Several leaders of the insurance industry joined nearly 200 New York corporate executives in a letter urging members of Congress to certify the election of Joe Biden as President without delay this week and support a smooth transition of power.
“This presidential election has been decided and it is time for the country to move forward. President-elect Joe Biden and Vice President-elect Kamala Harris have won the Electoral College and the courts have rejected challenges to the electoral process. Congress should certify the electoral vote on Wednesday, January 6. Attempts to thwart or delay this process run counter to the essential tenets of our democracy,” the letter states.
The letter was sent by the Partnership for New York City, a nonprofit organization of business leaders and employers of more than 1.5 million New Yorkers.
“Our duly elected leaders deserve the respect and bipartisan support of all Americans at a moment when we are dealing with the worst health and economic crises in modern history.
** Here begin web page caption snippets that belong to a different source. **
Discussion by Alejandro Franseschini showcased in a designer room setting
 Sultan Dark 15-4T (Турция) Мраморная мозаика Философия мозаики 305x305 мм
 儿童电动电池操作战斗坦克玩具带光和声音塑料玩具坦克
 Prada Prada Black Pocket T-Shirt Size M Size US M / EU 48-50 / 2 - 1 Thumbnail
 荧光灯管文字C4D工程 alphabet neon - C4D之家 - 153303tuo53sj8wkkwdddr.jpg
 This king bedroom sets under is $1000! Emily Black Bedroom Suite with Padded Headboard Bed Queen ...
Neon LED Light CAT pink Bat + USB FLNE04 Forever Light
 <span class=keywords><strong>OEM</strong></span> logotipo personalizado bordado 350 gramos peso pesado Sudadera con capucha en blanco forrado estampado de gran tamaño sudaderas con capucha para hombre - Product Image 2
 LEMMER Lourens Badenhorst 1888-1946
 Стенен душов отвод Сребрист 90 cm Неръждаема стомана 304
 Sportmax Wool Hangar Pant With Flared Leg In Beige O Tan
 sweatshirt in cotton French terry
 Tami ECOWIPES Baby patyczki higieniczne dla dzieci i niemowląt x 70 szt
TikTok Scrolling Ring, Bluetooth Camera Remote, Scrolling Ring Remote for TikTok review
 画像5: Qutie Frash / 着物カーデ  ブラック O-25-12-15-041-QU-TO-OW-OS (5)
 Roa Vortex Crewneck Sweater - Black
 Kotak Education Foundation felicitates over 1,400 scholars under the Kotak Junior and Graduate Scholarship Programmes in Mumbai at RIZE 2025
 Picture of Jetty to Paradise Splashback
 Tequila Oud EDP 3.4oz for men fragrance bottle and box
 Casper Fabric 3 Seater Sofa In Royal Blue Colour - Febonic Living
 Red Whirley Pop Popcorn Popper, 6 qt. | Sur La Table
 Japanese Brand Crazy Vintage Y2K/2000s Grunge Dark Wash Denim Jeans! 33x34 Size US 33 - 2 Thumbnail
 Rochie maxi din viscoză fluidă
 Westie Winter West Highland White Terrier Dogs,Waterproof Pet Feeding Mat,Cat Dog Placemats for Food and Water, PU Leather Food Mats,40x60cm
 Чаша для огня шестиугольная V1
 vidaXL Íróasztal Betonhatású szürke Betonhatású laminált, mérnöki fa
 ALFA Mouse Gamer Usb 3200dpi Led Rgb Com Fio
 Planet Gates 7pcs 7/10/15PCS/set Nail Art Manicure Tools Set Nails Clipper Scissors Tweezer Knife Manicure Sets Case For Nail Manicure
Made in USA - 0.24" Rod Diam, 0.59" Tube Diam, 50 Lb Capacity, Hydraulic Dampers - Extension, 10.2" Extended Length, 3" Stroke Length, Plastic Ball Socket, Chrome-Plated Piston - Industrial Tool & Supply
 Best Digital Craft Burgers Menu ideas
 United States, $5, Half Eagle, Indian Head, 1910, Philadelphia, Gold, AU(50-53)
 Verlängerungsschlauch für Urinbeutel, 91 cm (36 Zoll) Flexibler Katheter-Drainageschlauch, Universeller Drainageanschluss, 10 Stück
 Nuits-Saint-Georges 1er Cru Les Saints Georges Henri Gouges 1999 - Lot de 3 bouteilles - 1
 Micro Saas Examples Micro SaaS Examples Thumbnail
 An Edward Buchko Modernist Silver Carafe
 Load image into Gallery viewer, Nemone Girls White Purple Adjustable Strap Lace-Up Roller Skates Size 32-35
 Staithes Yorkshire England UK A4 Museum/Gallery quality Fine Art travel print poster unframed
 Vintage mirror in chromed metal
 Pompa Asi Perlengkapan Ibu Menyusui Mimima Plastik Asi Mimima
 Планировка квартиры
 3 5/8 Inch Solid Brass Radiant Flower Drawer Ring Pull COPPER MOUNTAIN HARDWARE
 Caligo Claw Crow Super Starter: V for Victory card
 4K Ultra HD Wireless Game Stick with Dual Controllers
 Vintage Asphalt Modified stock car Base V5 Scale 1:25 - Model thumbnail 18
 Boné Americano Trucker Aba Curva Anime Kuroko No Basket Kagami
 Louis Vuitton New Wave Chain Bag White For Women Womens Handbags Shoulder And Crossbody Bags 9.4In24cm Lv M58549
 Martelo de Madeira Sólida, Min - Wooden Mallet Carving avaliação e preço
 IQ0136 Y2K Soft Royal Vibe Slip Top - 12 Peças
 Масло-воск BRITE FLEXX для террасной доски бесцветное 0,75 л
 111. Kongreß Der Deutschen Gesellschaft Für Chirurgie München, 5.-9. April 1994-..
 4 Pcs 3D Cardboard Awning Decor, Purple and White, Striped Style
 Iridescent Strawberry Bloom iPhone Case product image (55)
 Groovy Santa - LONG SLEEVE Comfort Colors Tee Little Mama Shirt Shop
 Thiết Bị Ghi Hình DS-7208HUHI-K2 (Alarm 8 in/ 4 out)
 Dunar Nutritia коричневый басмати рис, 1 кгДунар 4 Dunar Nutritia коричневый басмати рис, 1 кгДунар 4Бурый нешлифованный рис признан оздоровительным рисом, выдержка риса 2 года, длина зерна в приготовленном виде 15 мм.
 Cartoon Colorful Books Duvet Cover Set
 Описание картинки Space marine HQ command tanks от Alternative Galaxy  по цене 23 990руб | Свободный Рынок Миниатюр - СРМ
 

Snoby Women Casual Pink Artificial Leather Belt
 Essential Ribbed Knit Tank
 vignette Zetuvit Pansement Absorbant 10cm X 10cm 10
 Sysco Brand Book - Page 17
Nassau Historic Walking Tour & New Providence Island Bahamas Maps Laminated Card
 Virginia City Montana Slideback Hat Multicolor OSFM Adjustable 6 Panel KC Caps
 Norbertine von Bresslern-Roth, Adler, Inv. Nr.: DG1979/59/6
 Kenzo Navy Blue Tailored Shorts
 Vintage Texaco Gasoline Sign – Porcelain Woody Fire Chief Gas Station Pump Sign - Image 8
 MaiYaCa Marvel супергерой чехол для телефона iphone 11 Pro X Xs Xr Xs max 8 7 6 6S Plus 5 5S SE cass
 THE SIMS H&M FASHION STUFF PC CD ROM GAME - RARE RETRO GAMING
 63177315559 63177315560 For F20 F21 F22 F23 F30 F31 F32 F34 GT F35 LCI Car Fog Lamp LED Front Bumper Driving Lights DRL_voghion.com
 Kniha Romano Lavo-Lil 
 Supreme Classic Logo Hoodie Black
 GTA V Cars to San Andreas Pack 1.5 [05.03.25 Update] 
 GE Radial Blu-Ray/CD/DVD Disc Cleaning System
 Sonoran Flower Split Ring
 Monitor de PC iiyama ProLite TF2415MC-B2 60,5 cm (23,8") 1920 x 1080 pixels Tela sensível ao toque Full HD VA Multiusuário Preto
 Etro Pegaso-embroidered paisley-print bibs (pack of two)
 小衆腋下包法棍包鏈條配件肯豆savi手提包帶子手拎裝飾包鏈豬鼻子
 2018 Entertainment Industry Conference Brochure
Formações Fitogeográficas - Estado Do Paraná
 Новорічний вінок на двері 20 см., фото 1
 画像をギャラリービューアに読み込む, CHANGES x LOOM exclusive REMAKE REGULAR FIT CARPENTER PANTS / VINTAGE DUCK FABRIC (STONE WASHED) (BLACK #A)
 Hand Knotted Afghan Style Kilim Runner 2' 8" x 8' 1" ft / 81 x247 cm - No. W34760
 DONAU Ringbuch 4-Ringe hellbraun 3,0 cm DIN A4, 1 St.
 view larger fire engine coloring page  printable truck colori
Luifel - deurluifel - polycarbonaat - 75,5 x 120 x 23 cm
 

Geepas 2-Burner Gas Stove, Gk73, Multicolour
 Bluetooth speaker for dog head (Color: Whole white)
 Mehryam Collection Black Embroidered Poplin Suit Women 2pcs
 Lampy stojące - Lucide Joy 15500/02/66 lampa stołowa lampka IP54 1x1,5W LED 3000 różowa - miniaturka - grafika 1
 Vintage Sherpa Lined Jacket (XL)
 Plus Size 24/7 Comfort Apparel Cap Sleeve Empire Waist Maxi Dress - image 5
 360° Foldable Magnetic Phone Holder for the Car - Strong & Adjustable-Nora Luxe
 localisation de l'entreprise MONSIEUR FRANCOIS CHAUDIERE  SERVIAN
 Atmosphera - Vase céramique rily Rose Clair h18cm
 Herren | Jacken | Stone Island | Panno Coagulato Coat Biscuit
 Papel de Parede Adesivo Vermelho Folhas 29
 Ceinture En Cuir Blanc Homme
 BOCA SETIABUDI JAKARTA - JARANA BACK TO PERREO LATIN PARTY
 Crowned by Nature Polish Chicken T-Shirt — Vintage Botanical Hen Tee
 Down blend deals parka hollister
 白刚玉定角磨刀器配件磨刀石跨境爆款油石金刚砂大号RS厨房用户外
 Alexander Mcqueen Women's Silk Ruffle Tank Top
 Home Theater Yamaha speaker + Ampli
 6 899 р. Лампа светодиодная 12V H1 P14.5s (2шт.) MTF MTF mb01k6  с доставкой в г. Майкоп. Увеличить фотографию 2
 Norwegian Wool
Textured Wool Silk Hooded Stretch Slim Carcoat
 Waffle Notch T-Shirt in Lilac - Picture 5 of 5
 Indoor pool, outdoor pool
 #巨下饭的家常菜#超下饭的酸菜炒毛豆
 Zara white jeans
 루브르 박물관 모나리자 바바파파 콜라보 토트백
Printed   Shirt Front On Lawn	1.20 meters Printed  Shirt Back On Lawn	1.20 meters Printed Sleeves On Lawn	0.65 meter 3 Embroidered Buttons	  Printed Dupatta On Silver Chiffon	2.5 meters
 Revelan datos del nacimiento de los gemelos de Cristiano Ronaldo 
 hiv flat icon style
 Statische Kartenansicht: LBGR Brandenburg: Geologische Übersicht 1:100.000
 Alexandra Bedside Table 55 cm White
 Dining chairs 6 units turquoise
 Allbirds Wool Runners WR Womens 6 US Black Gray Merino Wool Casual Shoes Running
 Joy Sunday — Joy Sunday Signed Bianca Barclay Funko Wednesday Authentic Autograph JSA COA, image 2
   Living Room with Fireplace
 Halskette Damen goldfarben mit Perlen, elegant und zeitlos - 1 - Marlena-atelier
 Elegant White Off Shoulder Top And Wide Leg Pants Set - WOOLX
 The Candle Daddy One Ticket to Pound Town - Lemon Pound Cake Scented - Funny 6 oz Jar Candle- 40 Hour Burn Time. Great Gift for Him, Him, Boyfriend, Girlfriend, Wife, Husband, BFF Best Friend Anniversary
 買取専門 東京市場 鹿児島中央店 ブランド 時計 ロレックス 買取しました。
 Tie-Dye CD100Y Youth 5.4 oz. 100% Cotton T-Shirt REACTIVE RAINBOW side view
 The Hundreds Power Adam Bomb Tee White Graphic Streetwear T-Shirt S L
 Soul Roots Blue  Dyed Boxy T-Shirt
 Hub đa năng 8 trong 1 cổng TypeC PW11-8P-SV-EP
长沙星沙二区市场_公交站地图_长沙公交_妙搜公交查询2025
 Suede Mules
There should be no further delay in the orderly transfer of power,” the letter continued.
Among the signers of the letter from the insurance industry were:
- Brian Duperreault, Chief Executive Officer, American International Group
- Dan Glaser, President & CEO, Marsh & McLennan Companies
- Michel A. Khalaf, President & CEO, MetLife
- Andrew McMahon, President & CEO, The Guardian Life Insurance Company
- Mark Pearson, President & CEO, Equitable
- John Romeo, Managing Partner, Oliver Wyman
- Philip K. Ryan, Chairman, Swiss Re Americas
- Alan D. Schnitzer, Chairman & CEO, The Travelers Companies
Others signing the letter included leaders from Pfizer, CIT Group, Mastercard, National Grid, Con Edison, Edelman, Cushman & Wakefield, Moody’s, Lyft, BlackRock, The Carlyle Group, Boston Consulting, United Airlines, National Basketball Association, Deloitte, KPMG, Apollo Global Management. Etsy and other firms and organizations.
Congress is scheduled to hold a joint session on Wed., Jan. 6 to ratify Biden’s 306-232 Electoral College win. Some Republican members have said they will object and force votes in both chambers.